[RECORDS FOR THIS EXERCISE — start]

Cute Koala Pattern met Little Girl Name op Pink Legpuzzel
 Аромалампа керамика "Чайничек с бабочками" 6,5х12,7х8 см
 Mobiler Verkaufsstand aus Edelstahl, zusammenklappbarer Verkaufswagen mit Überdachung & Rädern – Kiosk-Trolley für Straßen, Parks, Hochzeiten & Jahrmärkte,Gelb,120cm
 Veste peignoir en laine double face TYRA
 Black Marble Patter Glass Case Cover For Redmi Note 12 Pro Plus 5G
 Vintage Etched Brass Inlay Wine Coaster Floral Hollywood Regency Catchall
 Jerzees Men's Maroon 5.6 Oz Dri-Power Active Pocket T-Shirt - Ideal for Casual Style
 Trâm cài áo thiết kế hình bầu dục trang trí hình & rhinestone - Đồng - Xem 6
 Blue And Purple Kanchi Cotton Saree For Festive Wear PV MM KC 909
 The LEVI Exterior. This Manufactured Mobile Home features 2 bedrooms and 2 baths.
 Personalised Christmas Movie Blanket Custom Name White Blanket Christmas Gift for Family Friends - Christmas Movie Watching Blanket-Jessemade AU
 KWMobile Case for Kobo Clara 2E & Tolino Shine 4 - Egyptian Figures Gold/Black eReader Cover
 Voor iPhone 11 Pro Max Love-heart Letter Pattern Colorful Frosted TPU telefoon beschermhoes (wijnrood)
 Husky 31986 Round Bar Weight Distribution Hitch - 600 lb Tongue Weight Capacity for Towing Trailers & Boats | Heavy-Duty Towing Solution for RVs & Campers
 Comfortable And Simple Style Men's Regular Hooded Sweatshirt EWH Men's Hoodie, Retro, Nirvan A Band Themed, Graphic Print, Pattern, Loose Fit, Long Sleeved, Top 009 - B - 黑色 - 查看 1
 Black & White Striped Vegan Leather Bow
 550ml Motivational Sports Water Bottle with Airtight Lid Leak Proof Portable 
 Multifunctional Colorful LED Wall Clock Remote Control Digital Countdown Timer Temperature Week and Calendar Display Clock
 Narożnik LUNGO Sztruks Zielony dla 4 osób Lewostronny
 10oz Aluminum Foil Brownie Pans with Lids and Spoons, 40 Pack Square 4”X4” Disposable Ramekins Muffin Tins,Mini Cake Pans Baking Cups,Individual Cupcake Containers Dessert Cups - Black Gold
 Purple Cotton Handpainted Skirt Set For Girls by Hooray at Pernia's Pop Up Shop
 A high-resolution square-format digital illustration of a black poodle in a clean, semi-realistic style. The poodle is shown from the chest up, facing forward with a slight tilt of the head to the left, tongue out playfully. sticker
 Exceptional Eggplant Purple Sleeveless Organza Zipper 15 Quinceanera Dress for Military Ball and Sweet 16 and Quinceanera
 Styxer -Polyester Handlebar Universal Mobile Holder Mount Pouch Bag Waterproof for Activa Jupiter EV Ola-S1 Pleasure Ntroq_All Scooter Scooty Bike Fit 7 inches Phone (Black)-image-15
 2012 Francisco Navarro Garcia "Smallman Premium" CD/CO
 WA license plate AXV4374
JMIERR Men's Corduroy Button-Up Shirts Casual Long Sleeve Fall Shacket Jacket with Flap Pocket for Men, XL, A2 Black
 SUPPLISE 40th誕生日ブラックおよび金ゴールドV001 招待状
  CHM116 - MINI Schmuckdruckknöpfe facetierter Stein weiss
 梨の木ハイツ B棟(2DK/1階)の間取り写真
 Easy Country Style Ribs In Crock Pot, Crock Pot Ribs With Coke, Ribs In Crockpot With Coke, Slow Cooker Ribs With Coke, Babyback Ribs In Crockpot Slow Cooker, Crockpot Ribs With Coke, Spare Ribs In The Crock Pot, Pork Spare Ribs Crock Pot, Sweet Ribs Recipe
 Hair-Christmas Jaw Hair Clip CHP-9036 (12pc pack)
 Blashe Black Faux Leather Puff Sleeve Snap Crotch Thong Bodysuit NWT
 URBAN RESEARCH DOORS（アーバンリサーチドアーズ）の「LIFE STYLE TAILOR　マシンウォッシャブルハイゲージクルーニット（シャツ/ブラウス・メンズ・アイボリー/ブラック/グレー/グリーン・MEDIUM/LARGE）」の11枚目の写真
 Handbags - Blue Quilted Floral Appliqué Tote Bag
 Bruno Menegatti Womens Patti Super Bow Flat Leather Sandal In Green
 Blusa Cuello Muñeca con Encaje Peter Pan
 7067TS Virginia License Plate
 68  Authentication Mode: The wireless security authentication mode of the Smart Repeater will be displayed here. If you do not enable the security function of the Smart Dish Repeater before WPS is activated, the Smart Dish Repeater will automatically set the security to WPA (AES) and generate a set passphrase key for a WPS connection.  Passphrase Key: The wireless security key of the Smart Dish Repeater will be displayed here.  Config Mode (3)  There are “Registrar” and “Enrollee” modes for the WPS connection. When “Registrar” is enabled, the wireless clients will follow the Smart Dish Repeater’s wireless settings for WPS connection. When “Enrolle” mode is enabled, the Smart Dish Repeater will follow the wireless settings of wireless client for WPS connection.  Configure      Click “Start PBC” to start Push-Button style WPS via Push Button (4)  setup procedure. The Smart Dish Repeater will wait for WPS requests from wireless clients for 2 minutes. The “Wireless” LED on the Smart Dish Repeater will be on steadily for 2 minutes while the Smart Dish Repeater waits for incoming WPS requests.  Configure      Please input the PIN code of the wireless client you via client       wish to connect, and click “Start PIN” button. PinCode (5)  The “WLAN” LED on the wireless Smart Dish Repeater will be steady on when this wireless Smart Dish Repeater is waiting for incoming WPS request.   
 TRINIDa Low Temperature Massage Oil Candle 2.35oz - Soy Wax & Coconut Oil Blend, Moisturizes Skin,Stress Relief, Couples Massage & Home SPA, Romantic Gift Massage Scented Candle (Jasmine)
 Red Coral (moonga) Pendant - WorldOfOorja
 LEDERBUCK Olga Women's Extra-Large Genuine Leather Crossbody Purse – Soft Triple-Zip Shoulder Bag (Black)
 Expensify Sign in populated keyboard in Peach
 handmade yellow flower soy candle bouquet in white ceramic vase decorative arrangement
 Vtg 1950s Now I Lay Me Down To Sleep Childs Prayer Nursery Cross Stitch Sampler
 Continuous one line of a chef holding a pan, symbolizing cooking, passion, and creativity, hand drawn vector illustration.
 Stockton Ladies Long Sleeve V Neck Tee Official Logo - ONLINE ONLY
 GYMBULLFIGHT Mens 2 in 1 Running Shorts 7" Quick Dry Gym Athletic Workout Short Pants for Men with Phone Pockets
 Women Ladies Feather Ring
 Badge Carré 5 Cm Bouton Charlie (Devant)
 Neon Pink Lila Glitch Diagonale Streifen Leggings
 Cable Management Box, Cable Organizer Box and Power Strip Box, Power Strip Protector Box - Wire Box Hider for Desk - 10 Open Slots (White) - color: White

[RECORDS FOR THIS EXERCISE — finish]

_EXERCISE:_ Could you copy out the data in full, exactly as it is written?

_PROBLEM SOLUTION:_
Cute Koala Pattern met Little Girl Name op Pink Legpuzzel
 Аромалампа керамика "Чайничек с бабочками" 6,5х12,7х8 см
 Mobiler Verkaufsstand aus Edelstahl, zusammenklappbarer Verkaufswagen mit Überdachung & Rädern – Kiosk-Trolley für Straßen, Parks, Hochzeiten & Jahrmärkte,Gelb,120cm
 Veste peignoir en laine double face TYRA
 Black Marble Patter Glass Case Cover For Redmi Note 12 Pro Plus 5G
 Vintage Etched Brass Inlay Wine Coaster Floral Hollywood Regency Catchall
 Jerzees Men's Maroon 5.6 Oz Dri-Power Active Pocket T-Shirt - Ideal for Casual Style
 Trâm cài áo thiết kế hình bầu dục trang trí hình & rhinestone - Đồng - Xem 6
 Blue And Purple Kanchi Cotton Saree For Festive Wear PV MM KC 909
 The LEVI Exterior. This Manufactured Mobile Home features 2 bedrooms and 2 baths.
 Personalised Christmas Movie Blanket Custom Name White Blanket Christmas Gift for Family Friends - Christmas Movie Watching Blanket-Jessemade AU
 KWMobile Case for Kobo Clara 2E & Tolino Shine 4 - Egyptian Figures Gold/Black eReader Cover
 Voor iPhone 11 Pro Max Love-heart Letter Pattern Colorful Frosted TPU telefoon beschermhoes (wijnrood)
 Husky 31986 Round Bar Weight Distribution Hitch - 600 lb Tongue Weight Capacity for Towing Trailers & Boats | Heavy-Duty Towing Solution for RVs & Campers
 Comfortable And Simple Style Men's Regular Hooded Sweatshirt EWH Men's Hoodie, Retro, Nirvan A Band Themed, Graphic Print, Pattern, Loose Fit, Long Sleeved, Top 009 - B - 黑色 - 查看 1
 Black & White Striped Vegan Leather Bow
 550ml Motivational Sports Water Bottle with Airtight Lid Leak Proof Portable 
 Multifunctional Colorful LED Wall Clock Remote Control Digital Countdown Timer Temperature Week and Calendar Display Clock
 Narożnik LUNGO Sztruks Zielony dla 4 osób Lewostronny
 10oz Aluminum Foil Brownie Pans with Lids and Spoons, 40 Pack Square 4”X4” Disposable Ramekins Muffin Tins,Mini Cake Pans Baking Cups,Individual Cupcake Containers Dessert Cups - Black Gold
 Purple Cotton Handpainted Skirt Set For Girls by Hooray at Pernia's Pop Up Shop
 A high-resolution square-format digital illustration of a black poodle in a clean, semi-realistic style. The poodle is shown from the chest up, facing forward with a slight tilt of the head to the left, tongue out playfully. sticker
 Exceptional Eggplant Purple Sleeveless Organza Zipper 15 Quinceanera Dress for Military Ball and Sweet 16 and Quinceanera
 Styxer -Polyester Handlebar Universal Mobile Holder Mount Pouch Bag Waterproof for Activa Jupiter EV Ola-S1 Pleasure Ntroq_All Scooter Scooty Bike Fit 7 inches Phone (Black)-image-15
 2012 Francisco Navarro Garcia "Smallman Premium" CD/CO
 WA license plate AXV4374
JMIERR Men's Corduroy Button-Up Shirts Casual Long Sleeve Fall Shacket Jacket with Flap Pocket for Men, XL, A2 Black
 SUPPLISE 40th誕生日ブラックおよび金ゴールドV001 招待状
  CHM116 - MINI Schmuckdruckknöpfe facetierter Stein weiss
 梨の木ハイツ B棟(2DK/1階)の間取り写真
 Easy Country Style Ribs In Crock Pot, Crock Pot Ribs With Coke, Ribs In Crockpot With Coke, Slow Cooker Ribs With Coke, Babyback Ribs In Crockpot Slow Cooker, Crockpot Ribs With Coke, Spare Ribs In The Crock Pot, Pork Spare Ribs Crock Pot, Sweet Ribs Recipe
 Hair-Christmas Jaw Hair Clip CHP-9036 (12pc pack)
 Blashe Black Faux Leather Puff Sleeve Snap Crotch Thong Bodysuit NWT
 URBAN RESEARCH DOORS（アーバンリサーチドアーズ）の「LIFE STYLE TAILOR　マシンウォッシャブルハイゲージクルーニット（シャツ/ブラウス・メンズ・アイボリー/ブラック/グレー/グリーン・MEDIUM/LARGE）」の11枚目の写真
 Handbags - Blue Quilted Floral Appliqué Tote Bag
 Bruno Menegatti Womens Patti Super Bow Flat Leather Sandal In Green
 Blusa Cuello Muñeca con Encaje Peter Pan
 7067TS Virginia License Plate
 68  Authentication Mode: The wireless security authentication mode of the Smart Repeater will be displayed here. If you do not enable the security function of the Smart Dish Repeater before WPS is activated, the Smart Dish Repeater will automatically set the security to WPA (AES) and generate a set passphrase key for a WPS connection.  Passphrase Key: The wireless security key of the Smart Dish Repeater will be displayed here.  Config Mode (3)  There are “Registrar” and “Enrollee” modes for the WPS connection. When “Registrar” is enabled, the wireless clients will follow the Smart Dish Repeater’s wireless settings for WPS connection. When “Enrolle” mode is enabled, the Smart Dish Repeater will follow the wireless settings of wireless client for WPS connection.  Configure      Click “Start PBC” to start Push-Button style WPS via Push Button (4)  setup procedure. The Smart Dish Repeater will wait for WPS requests from wireless clients for 2 minutes. The “Wireless” LED on the Smart Dish Repeater will be on steadily for 2 minutes while the Smart Dish Repeater waits for incoming WPS requests.  Configure      Please input the PIN code of the wireless client you via client       wish to connect, and click “Start PIN” button. PinCode (5)  The “WLAN” LED on the wireless Smart Dish Repeater will be steady on when this wireless Smart Dish Repeater is waiting for incoming WPS request.   
 TRINIDa Low Temperature Massage Oil Candle 2.35oz - Soy Wax & Coconut Oil Blend, Moisturizes Skin,Stress Relief, Couples Massage & Home SPA, Romantic Gift Massage Scented Candle (Jasmine)
 Red Coral (moonga) Pendant - WorldOfOorja
 LEDERBUCK Olga Women's Extra-Large Genuine Leather Crossbody Purse – Soft Triple-Zip Shoulder Bag (Black)
 Expensify Sign in populated keyboard in Peach
 handmade yellow flower soy candle bouquet in white ceramic vase decorative arrangement
 Vtg 1950s Now I Lay Me Down To Sleep Childs Prayer Nursery Cross Stitch Sampler
 Continuous one line of a chef holding a pan, symbolizing cooking, passion, and creativity, hand drawn vector illustration.
 Stockton Ladies Long Sleeve V Neck Tee Official Logo - ONLINE ONLY
 GYMBULLFIGHT Mens 2 in 1 Running Shorts 7" Quick Dry Gym Athletic Workout Short Pants for Men with Phone Pockets
 Women Ladies Feather Ring
 Badge Carré 5 Cm Bouton Charlie (Devant)
 Neon Pink Lila Glitch Diagonale Streifen Leggings
 Cable Management Box, Cable Organizer Box and Power Strip Box, Power Strip Protector Box - Wire Box Hider for Desk - 10 Open Slots (White) - color: White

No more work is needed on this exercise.